> _Try it_
What you return must match the records below exactly, apart from the omitted pictures.

□ □ □ □

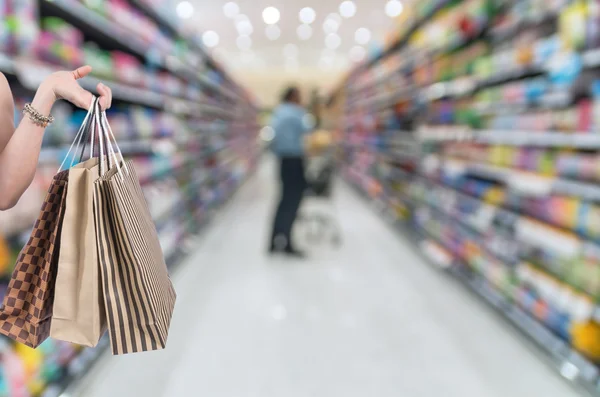 Sosteniendo bolsas de compras a mano en el fondo borroso del supermercado con bokeh, Varios Estante del producto —  Fotos de Stock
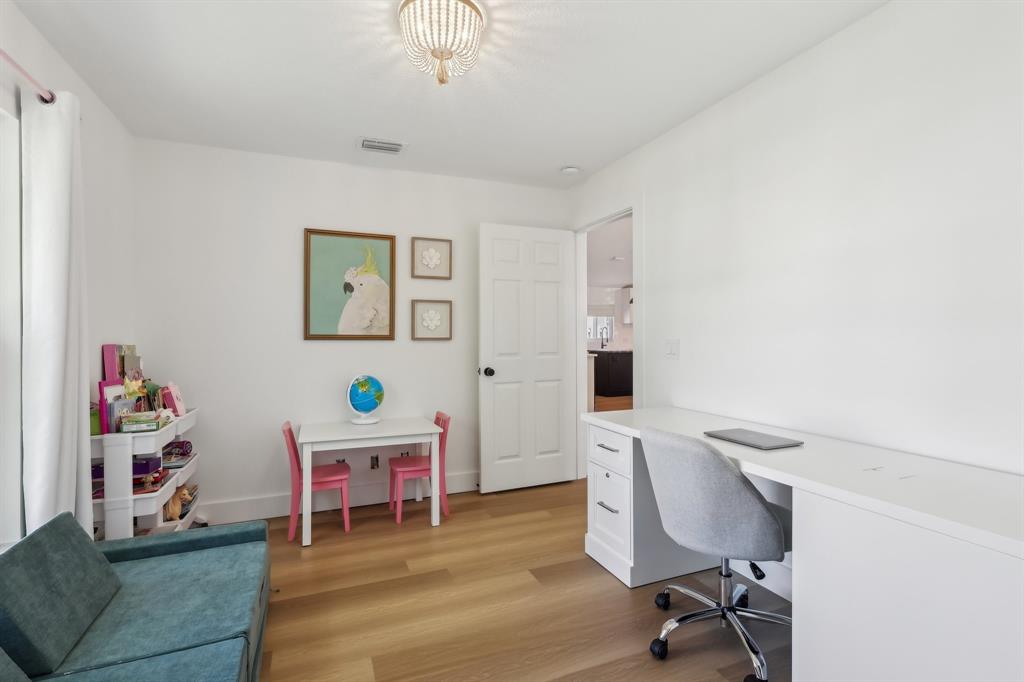 6254 Lucerne Street Jupiter, FL 33458 - Photo 18 of 30 a workspace with furniture cabinet and a couch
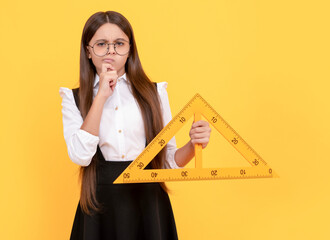thinking teen girl in uniform and glasses hold mathematics triangle for measuring, measurement.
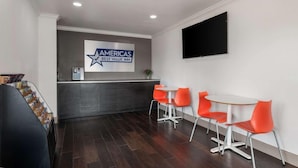 A reception area with a sign for 'AMERICAS Best Value Inn', a counter, and seating with orange chairs. - Americas Best Value Inn Orlando (Orlando)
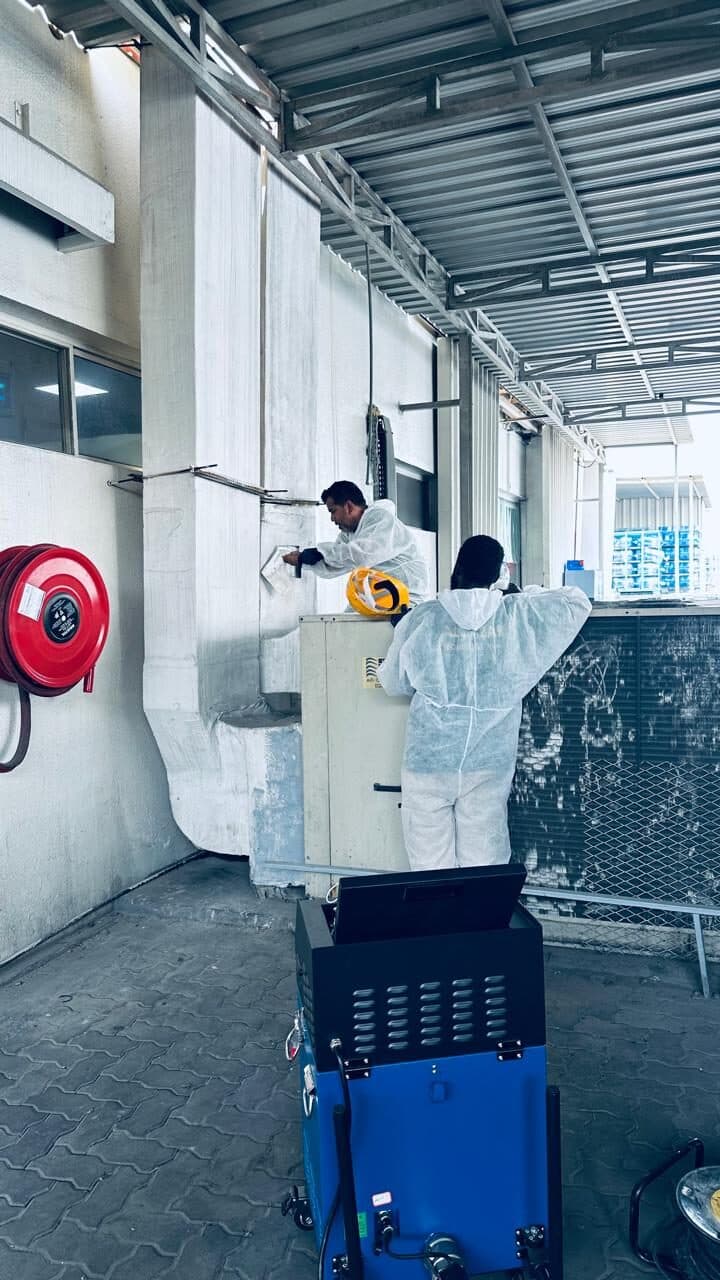 HoodEx technicians cleaning ventilation ductwork with a mechanical duct-cleaning machine at a commercial facility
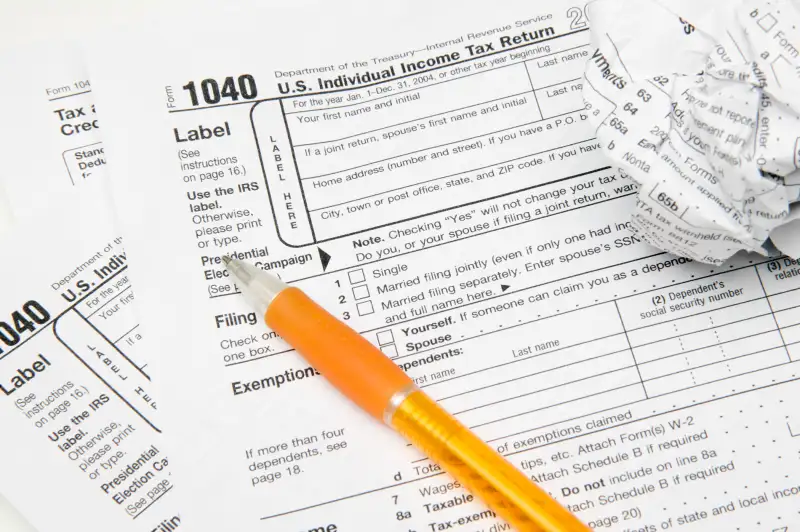 Tax forms with pen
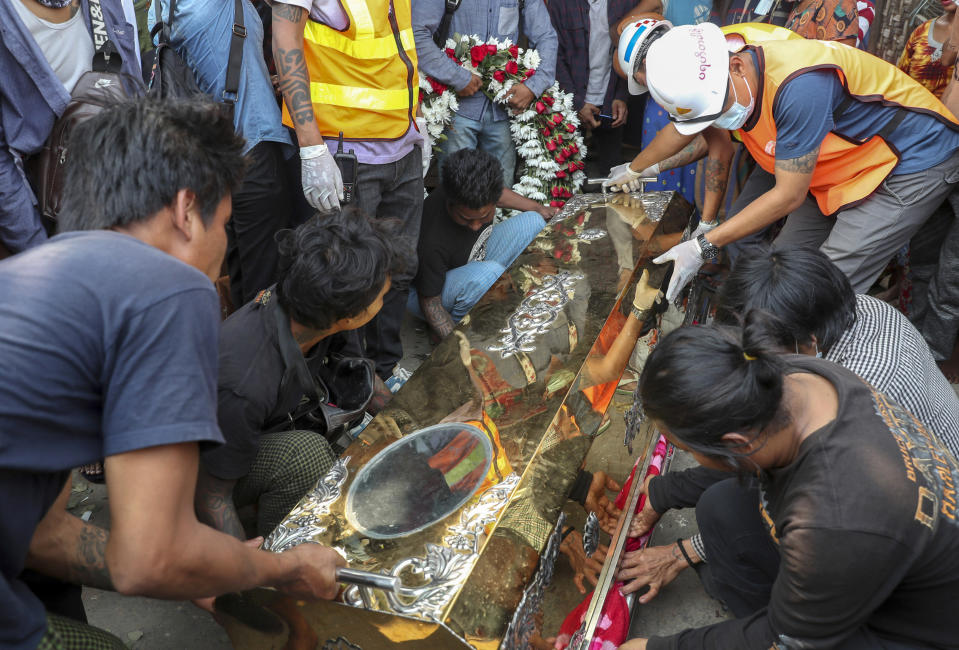 The body of Saw Pyae Naing is placed in a coffin in Mandalay, Myanmar, Sunday, March 14, 2021. Saw Pyae Naing, a 21-year old anti-coup protester, was shot and killed by Myanmar security forces during a demonstration on Saturday, according to his family. (AP Photo)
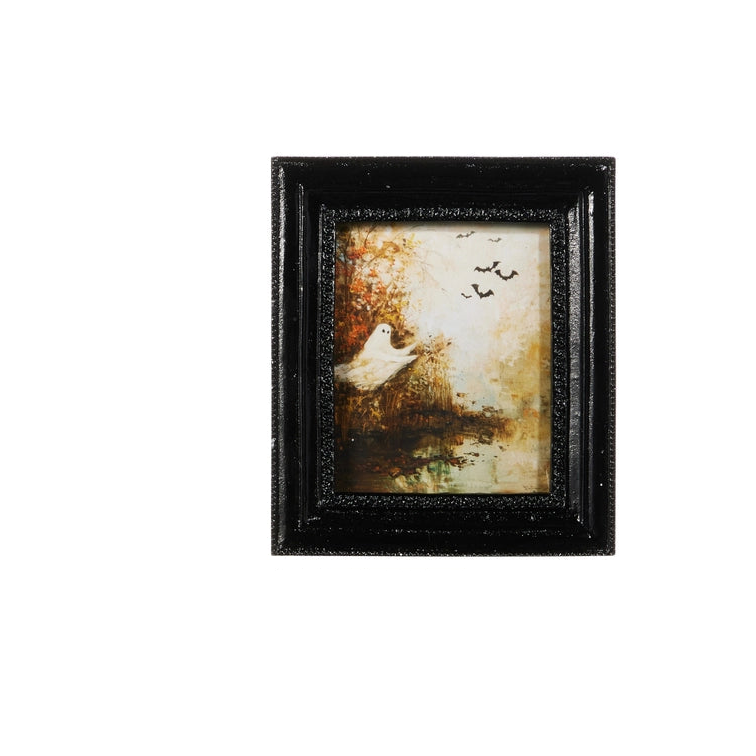 A small framed art print featuring a white ghost standing among autumn trees with birds in the sky, enclosed in a textured black frame against a white background.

□ □ □ □

> _Answer section_
 Sosteniendo bolsas de compras a mano en el fondo borroso del supermercado con bokeh, Varios Estante del producto —  Fotos de Stock
 6254 Lucerne Street Jupiter, FL 33458 - Photo 18 of 30 a workspace with furniture cabinet and a couch
thinking teen girl in uniform and glasses hold mathematics triangle for measuring, measurement.
 A reception area with a sign for 'AMERICAS Best Value Inn', a counter, and seating with orange chairs. - Americas Best Value Inn Orlando (Orlando)
 HoodEx technicians cleaning ventilation ductwork with a mechanical duct-cleaning machine at a commercial facility
 Tax forms with pen
 The body of Saw Pyae Naing is placed in a coffin in Mandalay, Myanmar, Sunday, March 14, 2021. Saw Pyae Naing, a 21-year old anti-coup protester, was shot and killed by Myanmar security forces during a demonstration on Saturday, according to his family. (AP Photo)
 A small framed art print featuring a white ghost standing among autumn trees with birds in the sky, enclosed in a textured black frame against a white background.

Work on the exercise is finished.